From Quantitative Easing (QE) to Moral Easing (ME)
TRANSCEND MEMBERS, 1 Nov 2010
Anthony Judge – TRANSCEND Media Service
A Stimulus Package to Avert Moral Bankruptcy?
Introduction
Commentary on the release via WikiLeaks of 400,000 documents regarding the reality on the ground in Iraq — as reported by troops in the field — has called into question the moral foundation of the intervention by the coalition forces in their various incarnations and manifestations in the Iraq-Afghanistan area (Multi-National Force – Iraq, Combined Joint Task Force 7 , NATO Training Mission – Iraq, Coalition of the Willing, International Security Assistance Force).
Originally conceived as morally justified to relieve the Iraqi people of a dictatorial regime, heavily engaged in the oppression and torture of its peoples (as with the Taliban in Afghanistan), it appears that the coalition forces have facilitated the emergence of a new Iraqi government operating in a similar manner. The coalition, and especially the USA and the UK, are now recognized to have been complicit in this process — to the extent of transferring Iraqi citizens into the hands of forces known to indulge in such practices.

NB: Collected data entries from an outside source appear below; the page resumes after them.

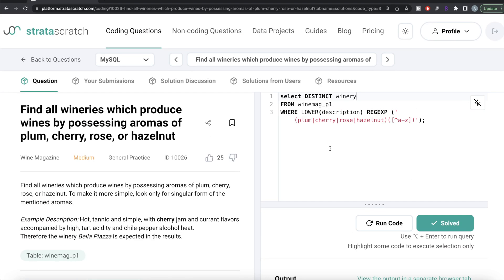It's a fairly simple question, but you need to be mindful that when using boolean indexing in Python or a WHERE clause in SQL, you shouldn't just use a simple LIKE '%plum%' or LIKE '%cherry%' — because that would match 'rosemary' as 'rose,' which is wrong. That's why we use the regex approach to ensure words are not preceded or followed by any alphabet character. Let me know in the comments if there's a better or more efficient way to solve this, and I'll see you in the next video.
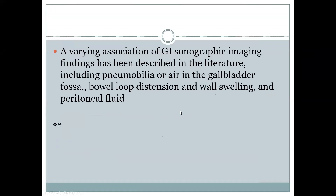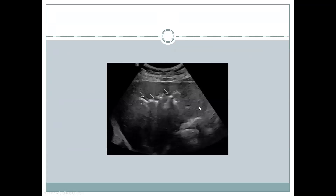The next modality is ultrasound. A combination of sonographic imaging findings has been described in the literature, including pneumobilia or air in the gallbladder fossa, bowel loop distension and wall thickening, as well as peritoneal fluid. However, there are many limiting factors with ultrasound, including body habitus and excessive bowel gas. Here you can see echogenic linear areas in the liver, which represent air in the biliary tree.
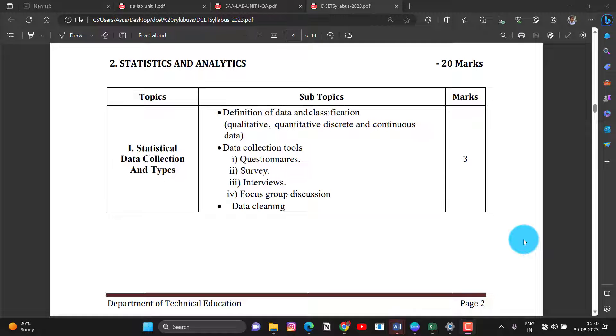Hi everyone, welcome to my channel. I am Ravik Kumar. In the last class, I am going to discuss MCQ questions about mathematics, in a chapter about MCQ questions.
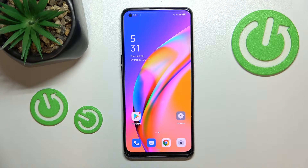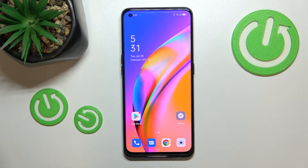Hi everyone, in front of me I've got the Oppo A94 5G, and let me share with you how to change video resolution on this device.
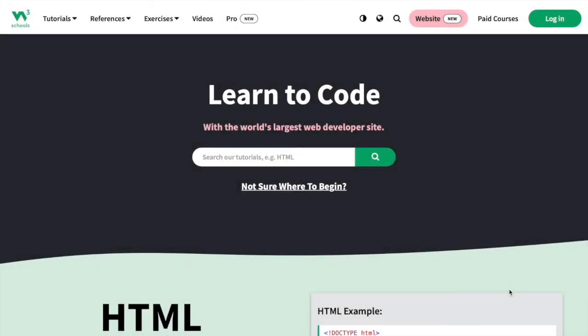Welcome everyone, I'm your MinuteTutor back with another quick tutorial. In today's video, I'm going over the website W3Schools.com.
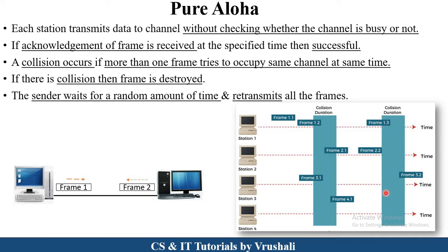In another example, suppose station 1 sends frame 1.2 and at the same time station 3 also sends frame 3.1 using the same channel — so collision occurs and these frames get destroyed. The receiver does not receive the frame and does not send an acknowledgement. So the sender waits a random amount of time and then retransmits the frame again to the receiver.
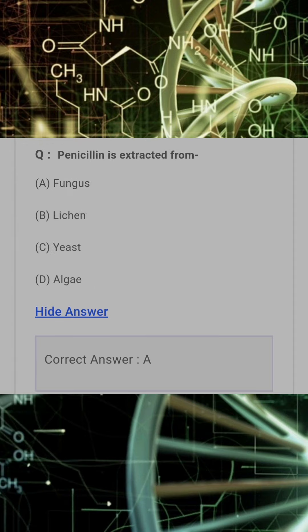Penicillin is extracted from? Answer: A. Fungus.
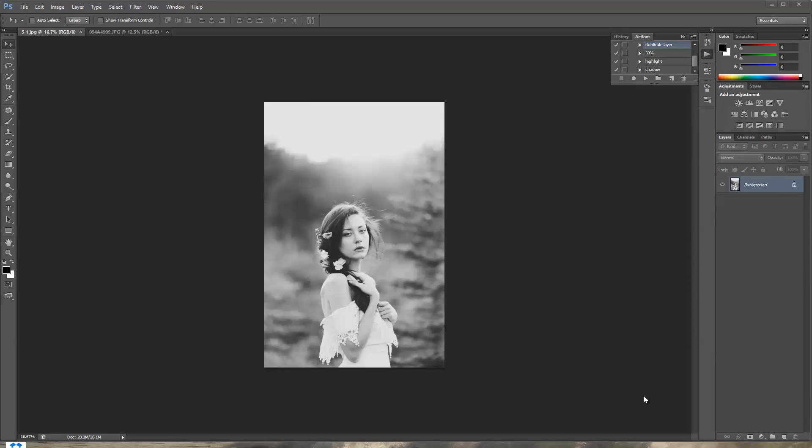Hey guys, Irene here with another Photoshop tutorial today and I'm gonna show you guys this really cool trick that I learned from my really good friend who is also an awesome photographer.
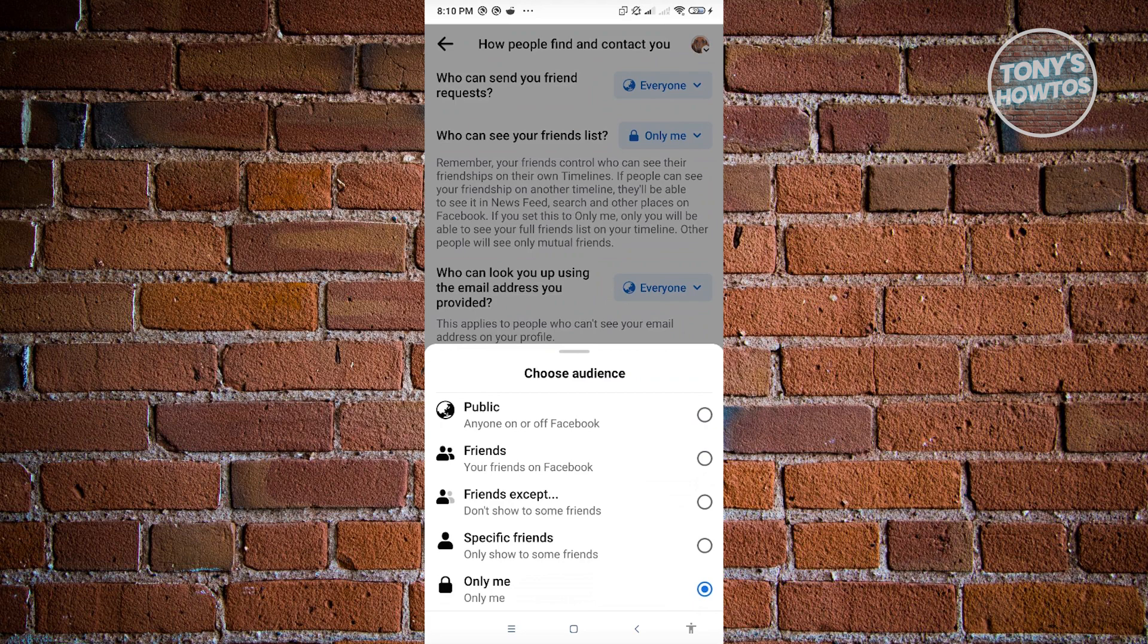But yeah, the best thing that you could do here is select only me just to ensure that no one could actually see your mutual friends or just basically your friends list.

The moral justification for the intervention is therefore indeed questionable but worse still is the moral bankruptcy of government authorities complicit in this process and in continuing efforts to deny their responsibility for atrocities they claimed as the moral justification for their intervention. If it proves to be the case that the practices adopted by Iraqi authorities are consistent with their culture, however regrettable, this might have been fruitfully recognized prior to an intervention which has cost so many lives. If it takes a “Saddam” to maintain a degree of order in that country, removing Saddam was not an imaginative strategic response.

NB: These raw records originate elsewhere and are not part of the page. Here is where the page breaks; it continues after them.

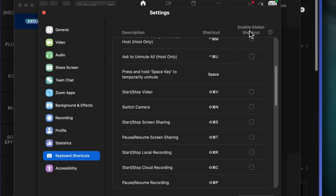I don't prefer to use Enable Global Shortcut. However, what's nice about it is that if you're in a Chrome browser taking notes or in another application — so Zoom isn't the focused app — if you hit a command, it will still work. However, that can cause issues if it's the same shortcut as the application you have open. So I click that off and just make sure that when I'm selecting or changing something, Zoom is my focused app — the one up front.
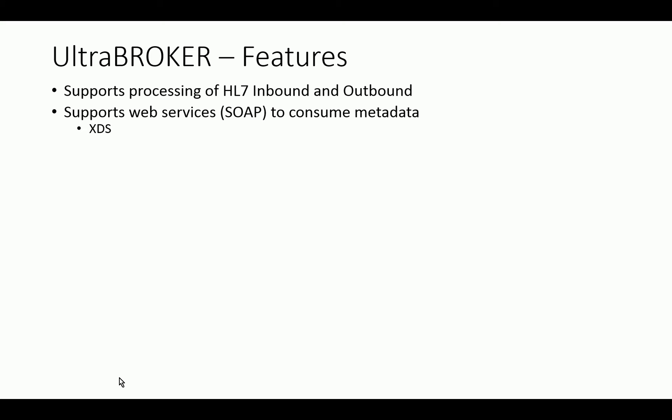Some examples of web services that we have supported in the past are things like XDS, CCR and CCD, HL7 version 3, and even some proprietary standards that certain vendors implemented.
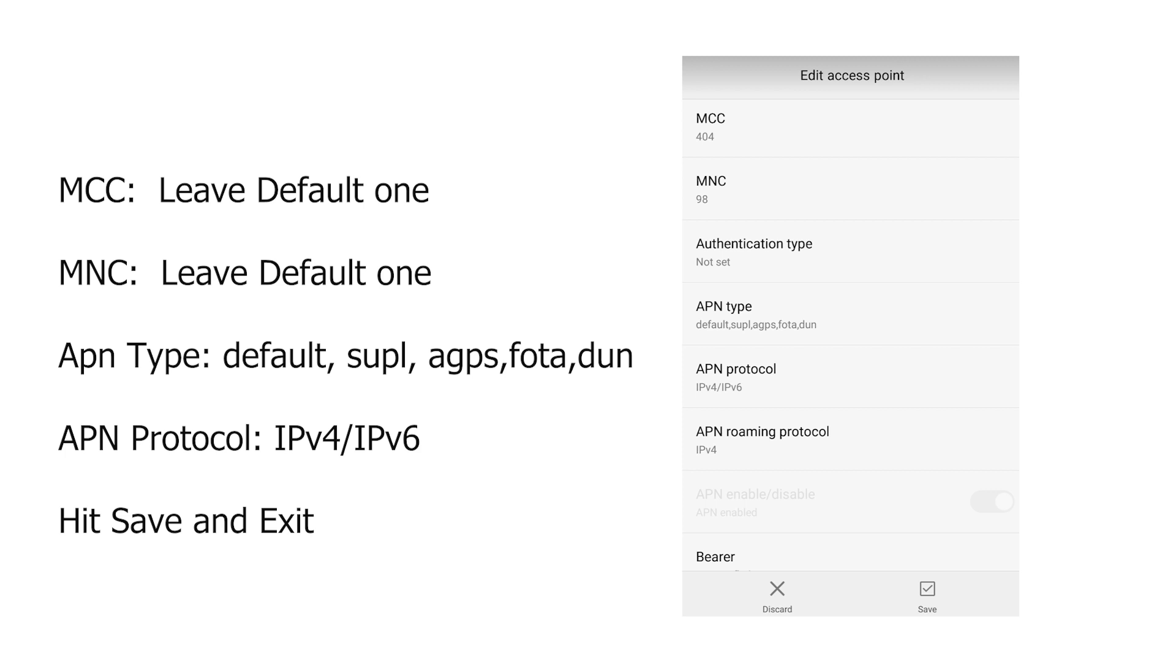Then on MCC and MNC, this value should come up automatically when you first add the APN. In case it's not listed or it's not added, you might want to double check the table we got on the description section of the video, which shows the respective MCC, MNC combination for the different carriers of the Airtel service. They differ from regions, so if you're not sure, just double check the table.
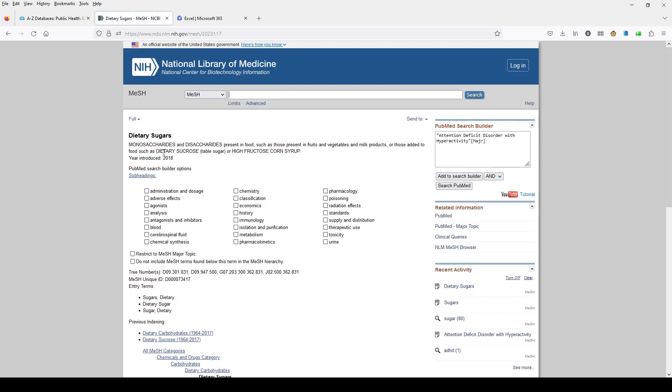Now we see the dietary sugars heading here at the top of the screen. We can see that it was introduced in 2018. So this one hasn't been around for a long time, but we do have several years worth to work with on this term.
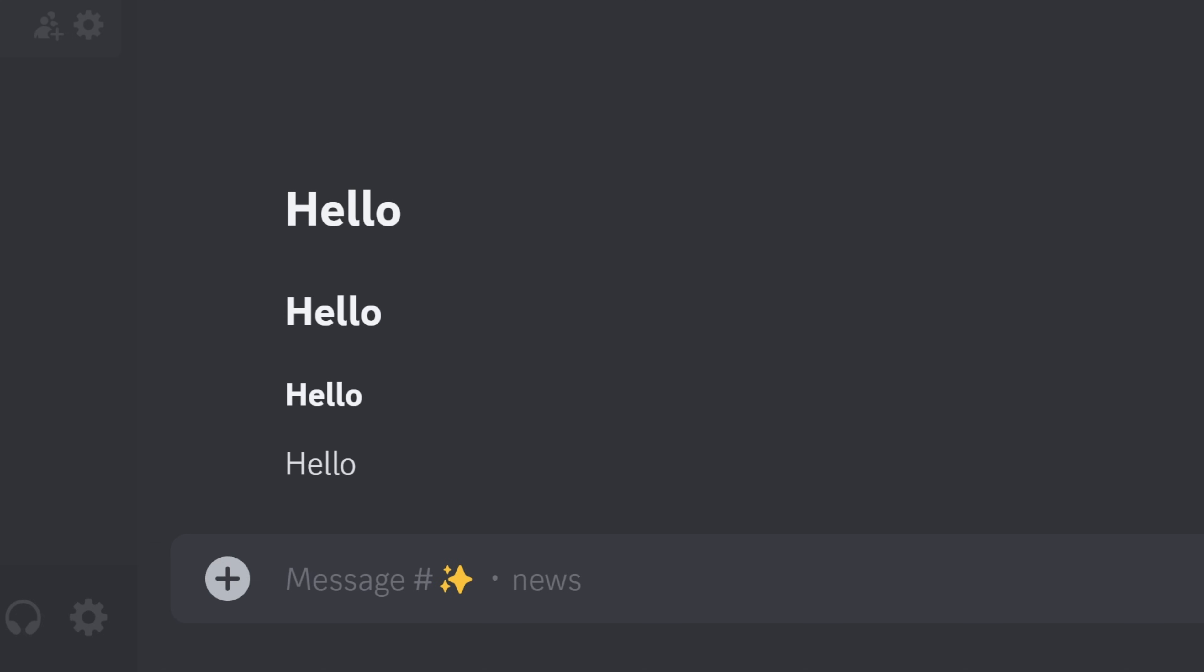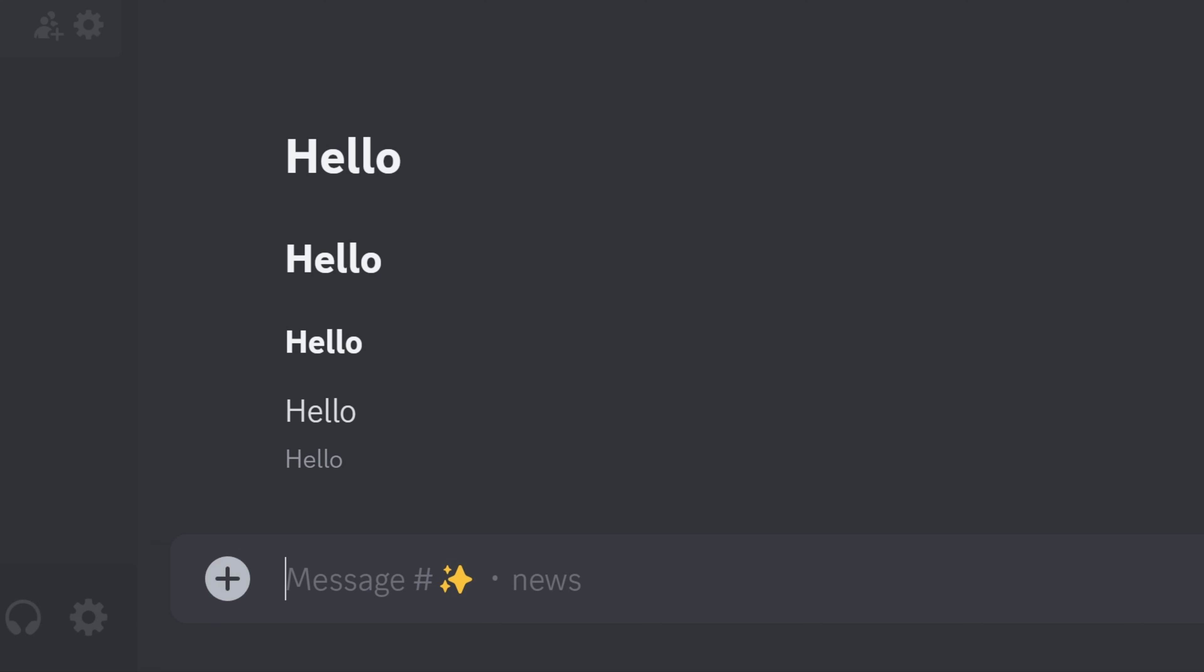So to do that, let's type a hyphen or a dash, whatever you want to call it. Should be very close to your backspace key on your keyboard, and then type a hashtag and finally a space, and then type whatever you want here.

The concern now is how to respond to the rapid slide into moral bankruptcy on the part of leading Western governments, most notably the USA and the UK.

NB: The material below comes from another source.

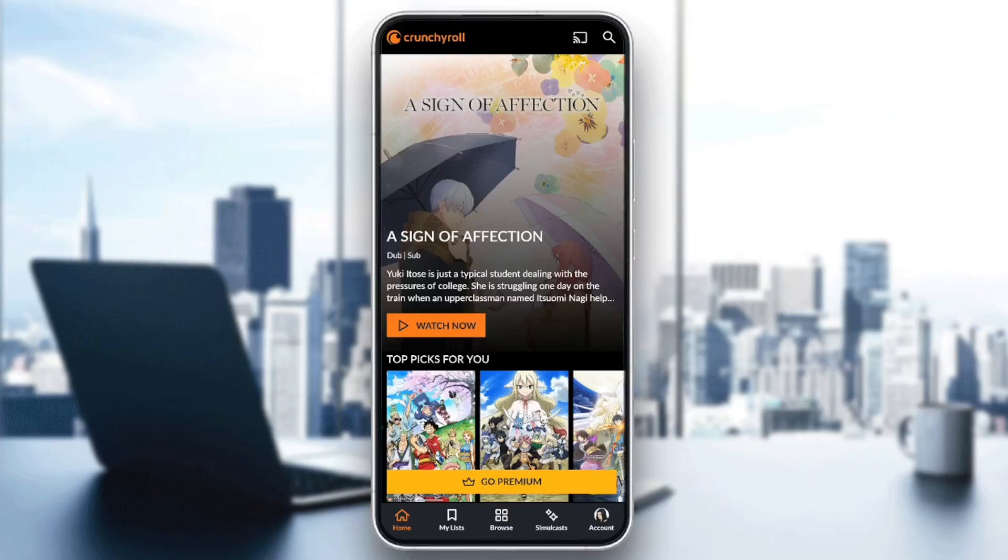Hello everyone, and welcome back to a new video. In this video, I'm going to show you guys how to fix subtitles on Crunchyroll. So if you guys want to learn how to do it, just follow the steps that I'm going to show you.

Fortunately very recent crises have offered two policies which have been extensively articulated and implemented on highest international authority: quantitative easing and carbon trading.
The question explored here is whether this thinking can be applied to the challenge of moral bankruptcy. Namely, is there some form of “qualitative easing” — perhaps best termed “moral easing” — that might alleviate the trend to moral bankruptcy? This specific concern follows from earlier explorations (Global Market in Indulgences: extending the carbon trading model to other value-based challenges, 2007; Sins of Hot Air Emission, Omission, Commission and Promission: the political challenge of responding to global crises, 2009).
The argument concludes with a discussion of the possibility of enabling a form of “moral currency circulation”.